Nobody wants to be judged. In fact, most of us are terrified of being judged. And most of us are reluctant, as we should be, to judge others. We want to be known for showing compassion and understanding. We want to show nothing but grace and love to everyone.
So we get stuck sometimes with how, exactly, we are supposed to live with that line in the Apostles’ Creed that says Christ will come to judge the living and the dead. That he will separate sheep from goats and wheat from weeds. That there is an everlasting torment, a lake of fire, weeping and gnashing of teeth, and (gulp) a great many will spend eternity there.
The lover in us asks, why can’t everyone escape this horror?
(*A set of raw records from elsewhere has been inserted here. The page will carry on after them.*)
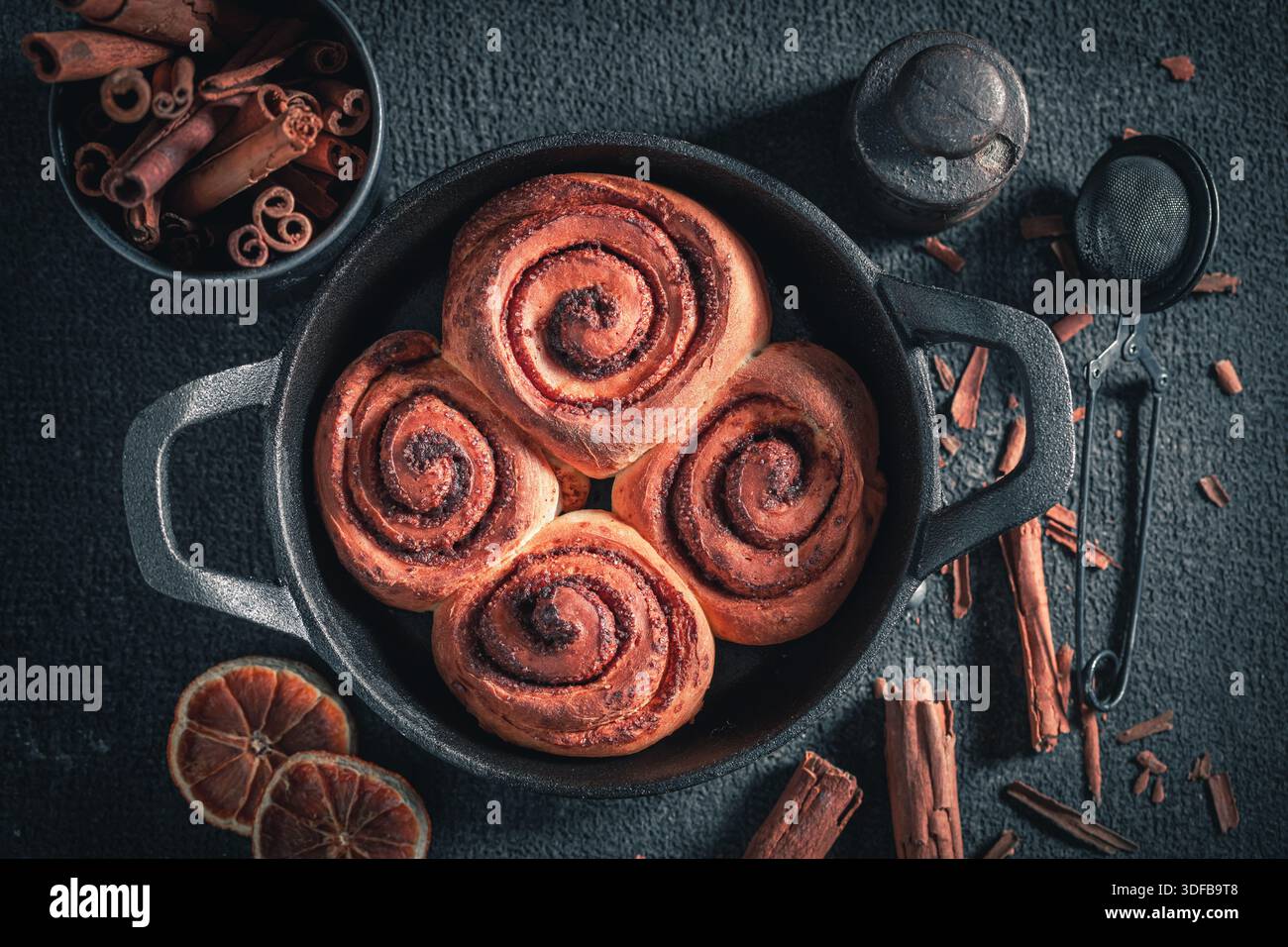 Tasty cinnamon buns as christmas dessert. Popular Swedish dessert. Swedish cuisine. Stock Photo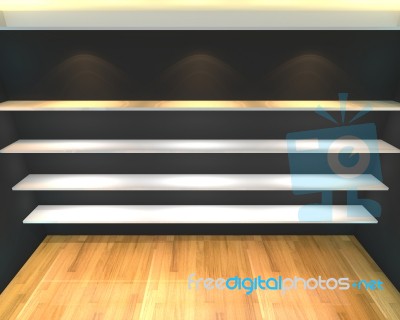 Abstract Shelves With Black Empty Room Stock Image Abstract Shelves With Black Empty Room Stock Image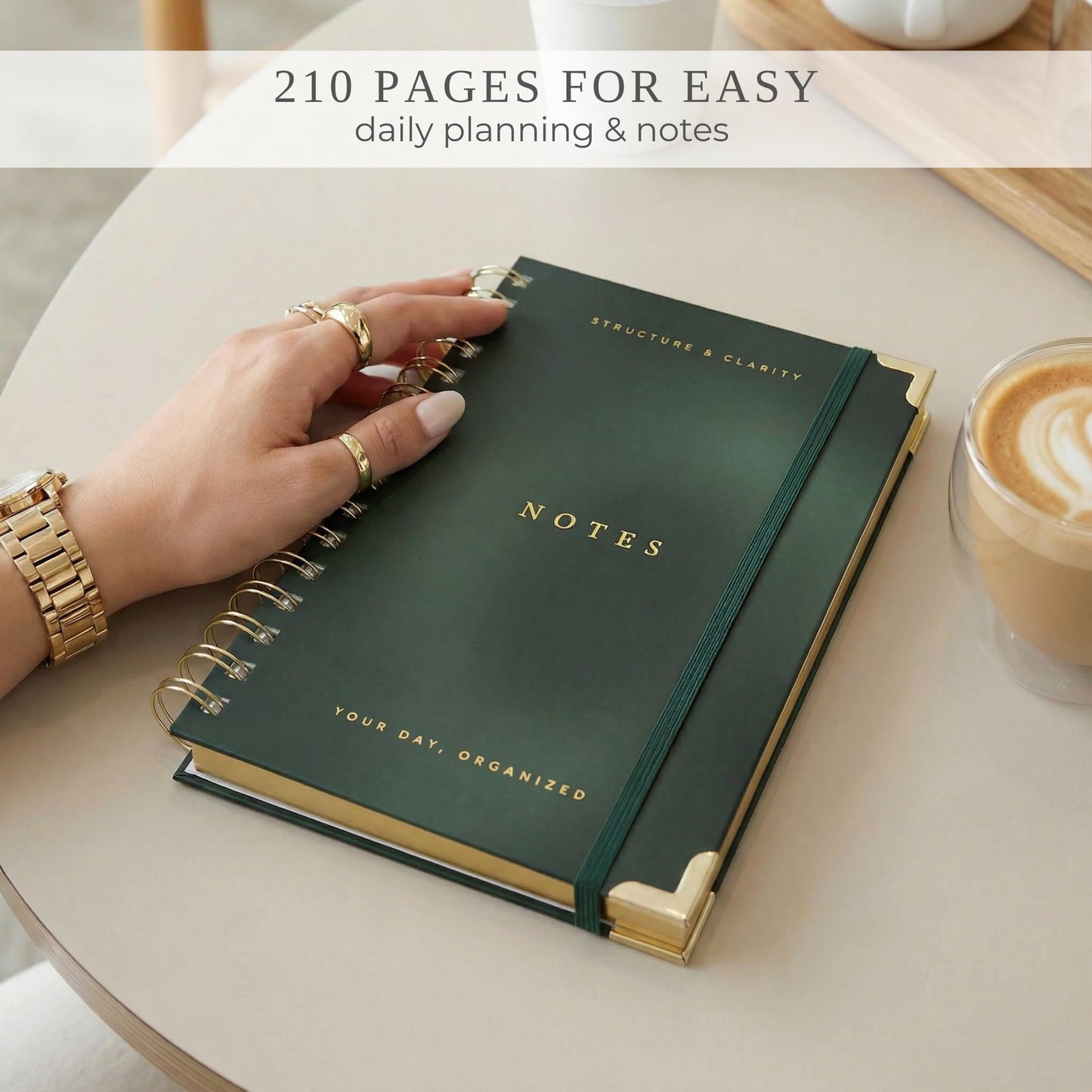 Aesthetic Daily Planner And Notebook With Hourly Schedule - Beautiful Spiral To do List Notepad For Work/Home to Organize Tasks And Appointments - Stylish School/Office Supplies Book For Women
The idea of heaven is easy to embrace. Even at a nonreligious funeral, mourners comfort each other with words such as, “She is in a better place now.” Conversely, for many the scriptural doctrine of damnation has become damnable. Charles Darwin once put to words what many of us naturally feel:
“I can indeed hardly see how anyone ought to wish Christianity to be true; for if so the plain language of the [biblical] text seems to show that the men who do not believe, and this would include my father, brother, and almost all my best friends, will be everlastingly punished. And this is a damnable doctrine.”
Yet we must wrestle with Jesus’s many words emphasizing that, indeed, it is true. In moments of clarity, I am reminded of how necessary—even compassionate—this doctrine of judgment can be for us in the here and now.
Compassionate Truth About Judgment
When the Bible’s teaching about judgment is dismissed, all victims of injustice, violence, and oppression are then put at risk. If God is a God of love without the accountability of justice, then vulnerable people become more vulnerable, and bullies are encouraged to continue bullying.
If there is no ultimate accounting for evil, what hope is there for Holocaust victims regarding Hitler? What do we say to little girls who have been sold into the sex trade by greedy, oppressive scoundrels? What do we say to the boy who is abused by his tyrannical father, or the unassuming elderly widow who is robbed at gunpoint?